Plaid.com - a financial technology company that enables applications to connect with users' bank accounts - has integrations with over 9600 different financial institutions, from which it pulls and processes data that can be analyzed later. Plaid runs over 20 internal services with 50+ code commits per day for their core services. The bank integration service, which runs as node.js processes in containers running on ECS, faced slow deployment startup times which in turn affected overall code ship time. Multiple environments in the pipeline added to the slowdown. The long term plan was to move to Kubernetes. A short term solution was found by writing a custom process wrapper to relaunch the application in the same container, thus avoiding container recreations.
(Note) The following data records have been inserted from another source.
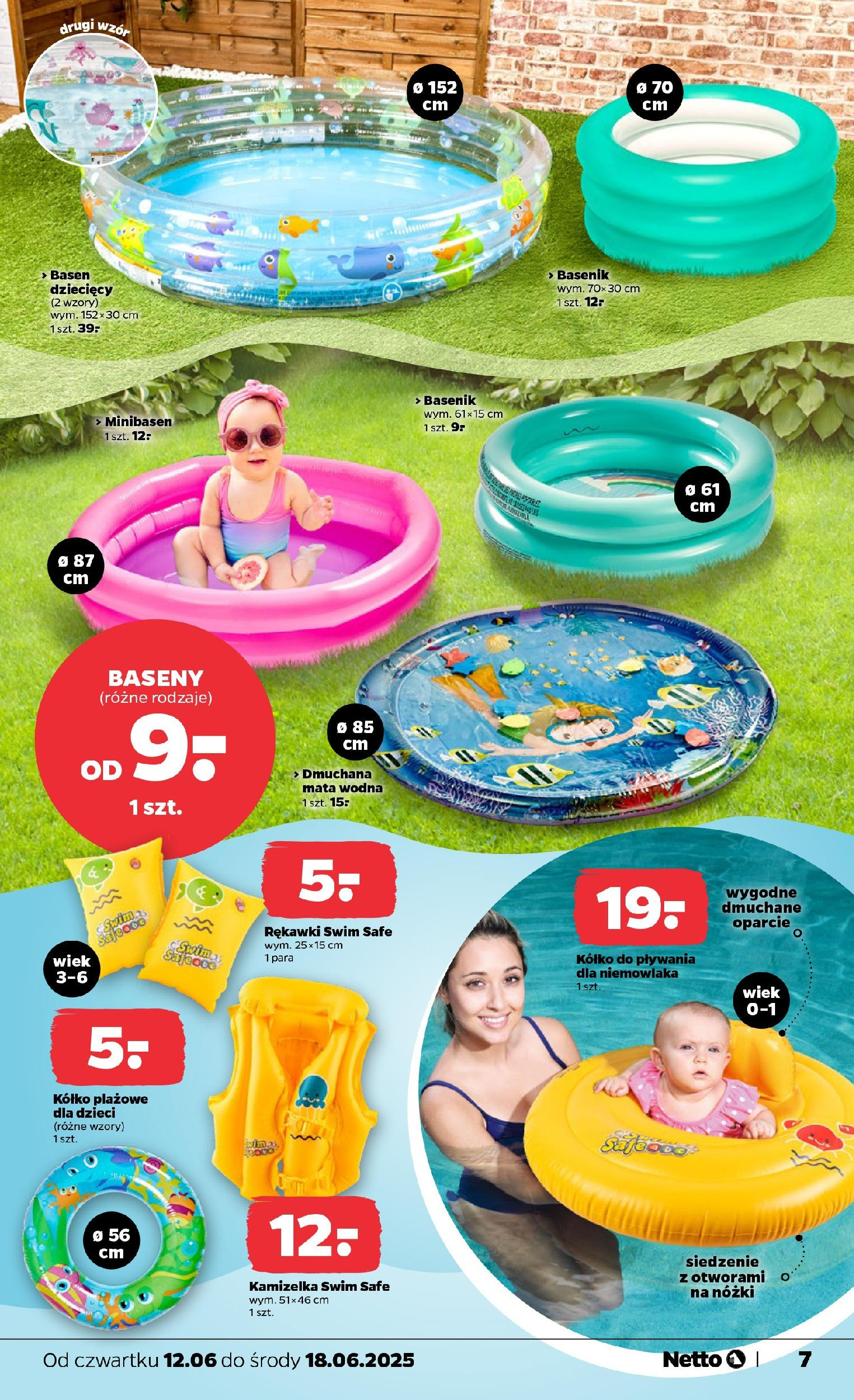 Netto gazetka - Spożywcza od 12.06.2025 - Aktualne promocje | Strona: 26 | Produkty: Kamizelka, Basen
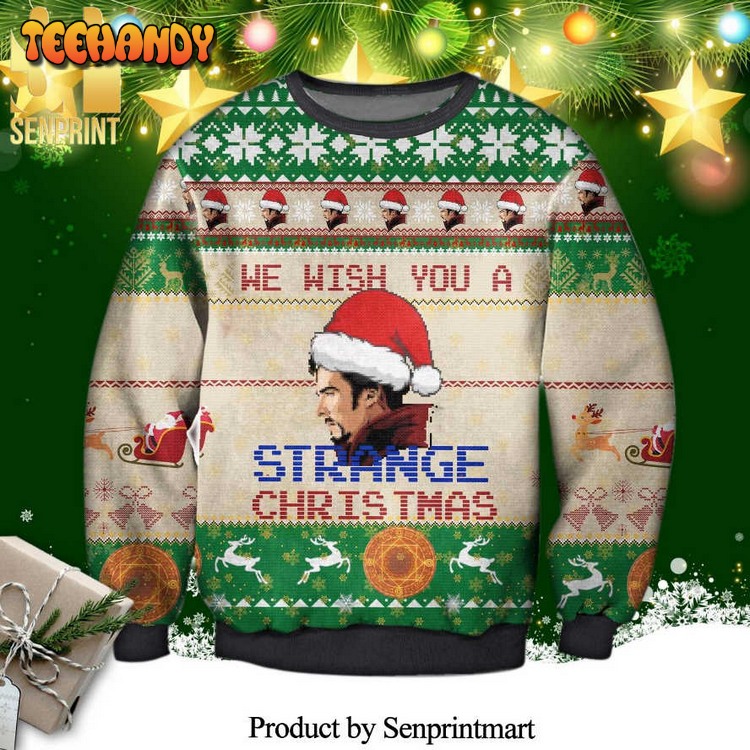 doctor strange strange christmas marvel ugly xmas sweater qc6lz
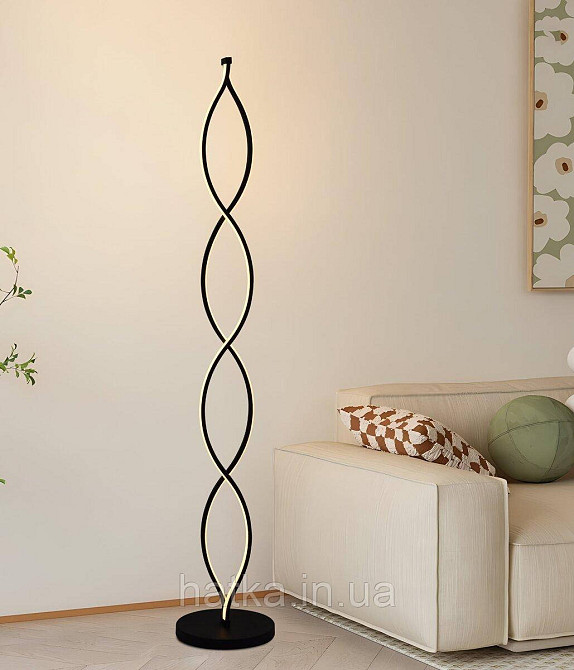 Торшер світлодіодний LDD1009, Чорний Київ - фото 1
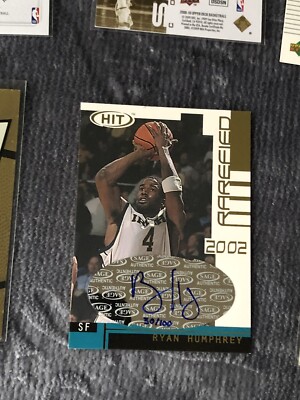 Ryan Humphrey Signed 2002 HIT #R21 Card Notre Dame NCAA Auto NBA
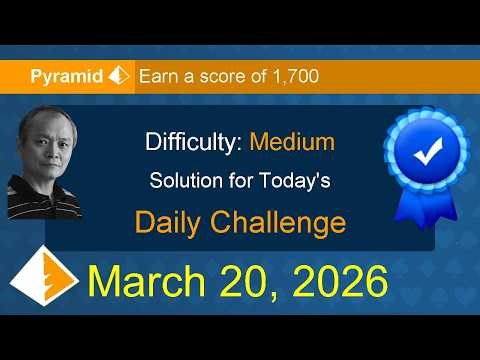 Microsoft Solitaire Collection: Pyramid - Medium - March 20, 2026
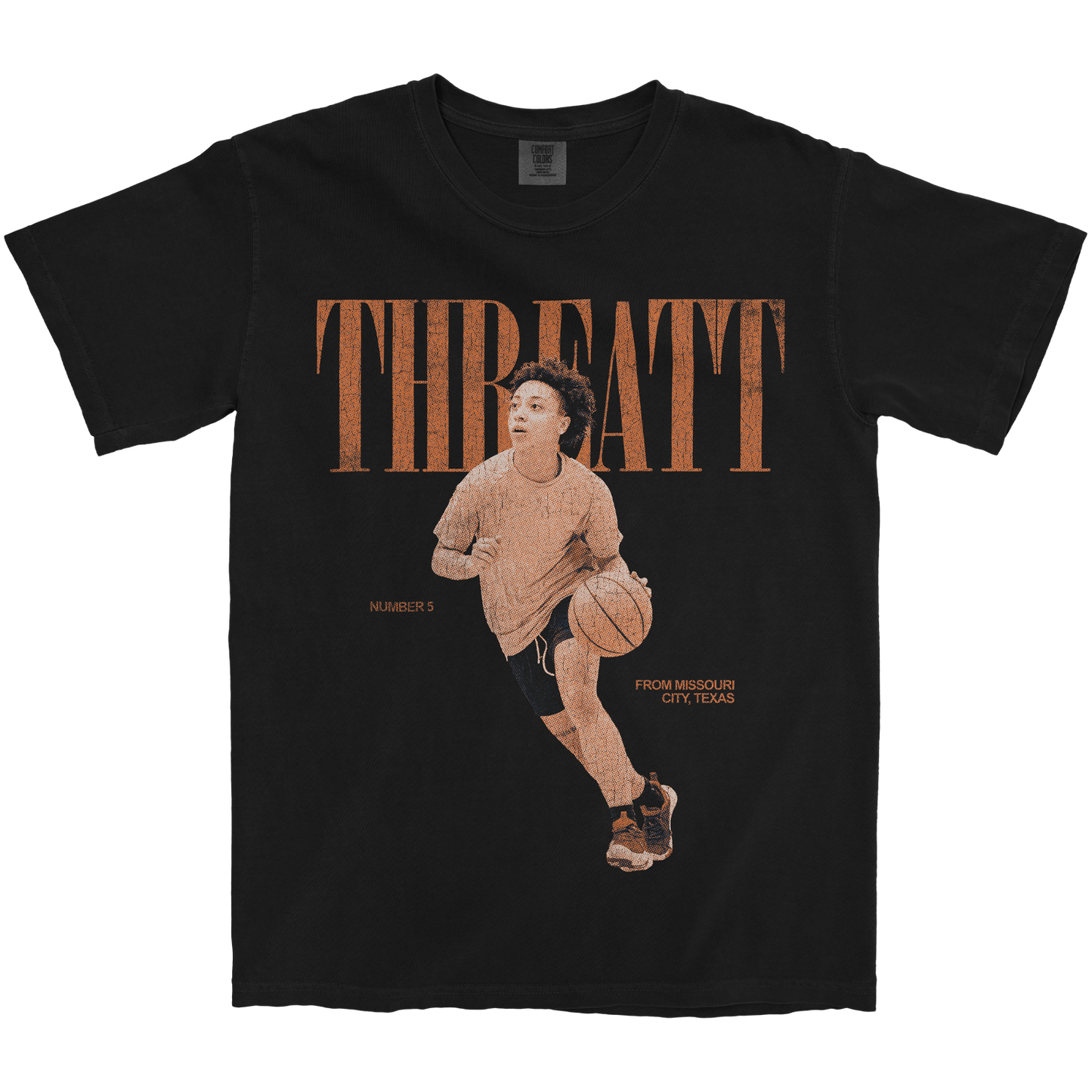 NYA THREATT VINTAGE BLACK TEE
Plaid runs 4000 node.js processes in containers. A profiling exercise done by the team exposed some possible areas for optimization in the deployment process, during application startup. ECS health checks - similar to Kubernetes liveness checks - were tweaked, but to not much avail. Reducing the number of containers was another option, but it needed a re-architecting of the service. Spinning up more instances was not a cost-effective approach. They managed to shave off a few minutes with these approaches. InfoQ got in touch with Evan Limanto, engineer at Plaid, to learn more about the internals.
The team came up with a hot reloading technique by writing a process wrapper. Internally called Bootloader, the wrapper runs in the containers and launches the actual application as a sub-process. Bootloader also traps and forwards signals, and handles logging output. The application was modified to listen on a gRPC endpoint for a message sent from the Jenkins deployment pipeline. Limanto says that "each container advertises its own address on a Redis set with an application level heartbeat." This Redis set is used to keep track of all healthy containers at any given time.
The gRPC message has the commit hash in its payload, so it's possible to perform a rollback by sending an older hash, explains Limanto. The message triggers a download of application code from AWS S3, and the app exits with a special status code. Bootloader traps this code and relaunches the app, thus loading the new code in memory. How does the reload happen across all containers? Limanto explains:
The reload happens in a phased manner according to a simple formula:
Reload the current container if the hash of its address is less than `min(TargetPercentage, MaxUnhealthyPercentage + % of containers on new commit)`. Some background job runs this reloading logic on an interval.
It is possible that a reload can be triggered for a process while it is processing requests. How is this handled? Opinions on this differ. While Plaid keeps track of requests being processed and exits only after they are all done, another view endorses writing the app so that it can recover from abrupt shutdowns.